Task directions: The records that follow are to be repeated in full, with no pictures retained.
· · · · ·
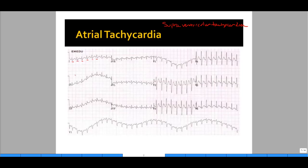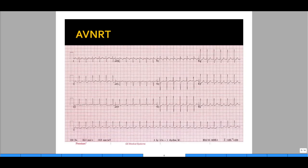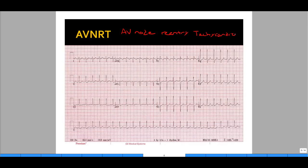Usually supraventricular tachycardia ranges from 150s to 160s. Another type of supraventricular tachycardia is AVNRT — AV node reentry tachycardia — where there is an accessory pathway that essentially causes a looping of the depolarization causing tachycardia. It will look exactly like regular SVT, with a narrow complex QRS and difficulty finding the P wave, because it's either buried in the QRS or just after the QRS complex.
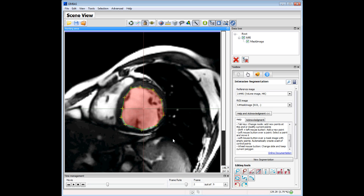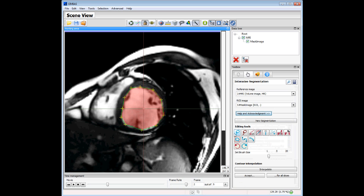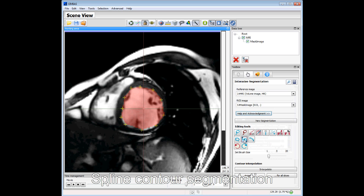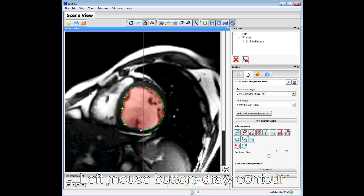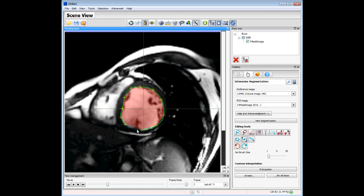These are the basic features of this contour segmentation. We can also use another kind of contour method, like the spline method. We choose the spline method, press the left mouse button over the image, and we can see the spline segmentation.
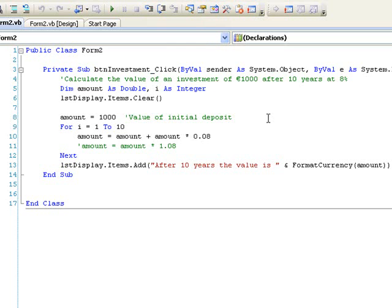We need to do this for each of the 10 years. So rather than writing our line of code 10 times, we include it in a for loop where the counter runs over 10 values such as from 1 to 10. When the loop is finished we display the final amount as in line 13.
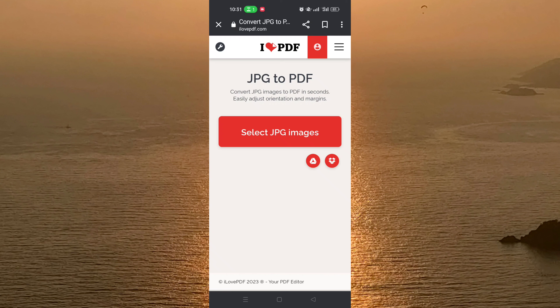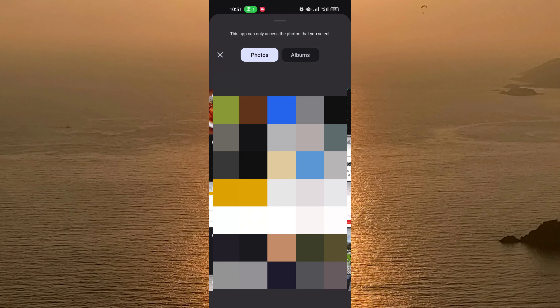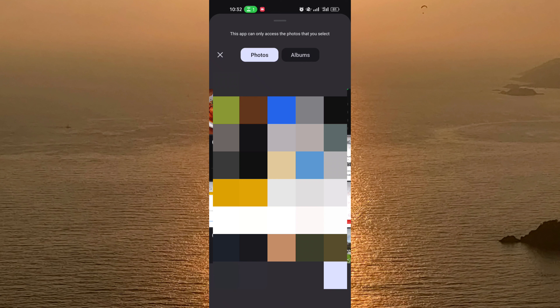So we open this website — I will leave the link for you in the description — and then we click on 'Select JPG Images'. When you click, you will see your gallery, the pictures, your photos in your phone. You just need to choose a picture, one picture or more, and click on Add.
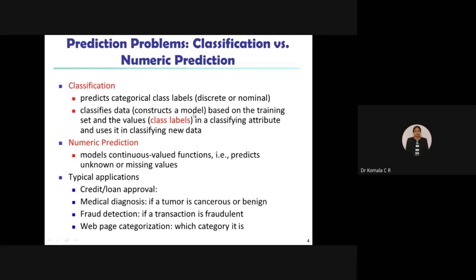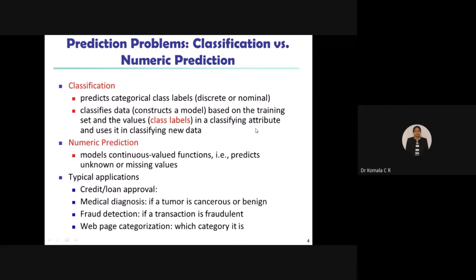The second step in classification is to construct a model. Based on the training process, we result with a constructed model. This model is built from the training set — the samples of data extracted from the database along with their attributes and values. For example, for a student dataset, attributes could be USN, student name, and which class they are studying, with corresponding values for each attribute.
· · · · ·
Exercise solution:
Usually supraventricular tachycardia ranges from 150s to 160s. Another type of supraventricular tachycardia is AVNRT — AV node reentry tachycardia — where there is an accessory pathway that essentially causes a looping of the depolarization causing tachycardia. It will look exactly like regular SVT, with a narrow complex QRS and difficulty finding the P wave, because it's either buried in the QRS or just after the QRS complex.
These are the basic features of this contour segmentation. We can also use another kind of contour method, like the spline method. We choose the spline method, press the left mouse button over the image, and we can see the spline segmentation.
We need to do this for each of the 10 years. So rather than writing our line of code 10 times, we include it in a for loop where the counter runs over 10 values such as from 1 to 10. When the loop is finished we display the final amount as in line 13.
So we open this website — I will leave the link for you in the description — and then we click on 'Select JPG Images'. When you click, you will see your gallery, the pictures, your photos in your phone. You just need to choose a picture, one picture or more, and click on Add.
The second step in classification is to construct a model. Based on the training process, we result with a constructed model. This model is built from the training set — the samples of data extracted from the database along with their attributes and values. For example, for a student dataset, attributes could be USN, student name, and which class they are studying, with corresponding values for each attribute.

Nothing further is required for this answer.